Grischa Lichtenberger
Die Wiederholung der Geschichte der amerikanischen Heimatlosigkeit
Raster-Music
/
2023
CD
17.99
r-m211
Edition of 300 copies
Incl. VAT plus shipping / Orders from outside the EU are exempt from VAT

Originally released in 2005 on his brother's online label Tokyo Trauma, »Die Wiederholung der Geschichte der amerikanischen Heimatlosigkeit« is Grischa Lichtenberger's debut release, predating his involvement with raster. Anticipating and framing his later works, the visceral sound palette, ranging between harsh digital noise and compelling analogue roughness, is put to play in a very unconcerned and uncompromising way on this release, in harmony with an idiosyncratic beat science and an organic, natural feel of song structure and melodies.

The influence of independent rock music of the 90s as well as an artistic experimental approach center this record, as his brother David Lichtenberger put it in his description of the record: »Very arty stuff, but first of all characterized by an incredibly direct and heavy sound oscillating between punching beats and digital harsh noise making your ears bleed and you (me at least) scream for more«.

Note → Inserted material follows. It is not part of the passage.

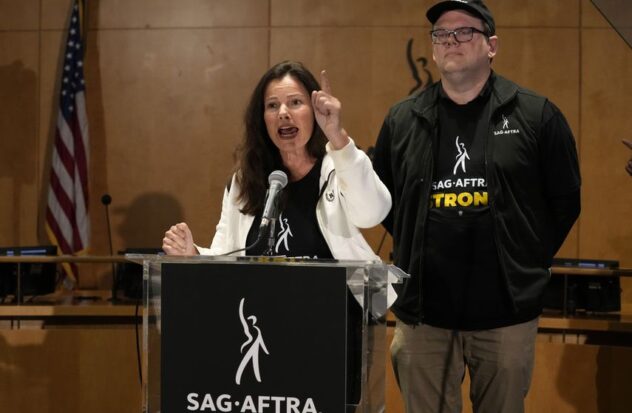 SAG-AFTRA President Fran Drescher, left, and SAG-AFTRA National Executive Director and Chief Negotiator Duncan Crabtree-Ireland speak during a press conference announcing a Screen Actors Guild strike -American Federation of Radio and Television Artists on Thursday, July 13, 2023, in Los Angeles.  This is the first time since 1960 that Hollywood actors and screenwriters are on strike at the same time.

Conceptionally, »Die Wiederholung der Geschichte der amerikanischen Heimatlosigkeit« (the repetition of the history of American rootlessness) parallelizes the history of European and American relations with the dialectics between digital and analogue technologies. Experimental methods of electronic music are put in a metaphoric relation with a historical topic, like in »Durchquerung 3« scrubbing a wave form of an audio file that is put in a relation to the crossing of the Death Valley by early American settlers. Using the compressor as an expressionistic tool of composition, overshooting the 0db barrier creating noisy artefacts, time stretching, collaging all work as tools for regenerating material, create a relation to an acoustical subconsciousness of recorded sounds (similar to the optical unconsciousness of slow motion and montage that Walter Benjamin described in his first analyses of cinema in the 1920s).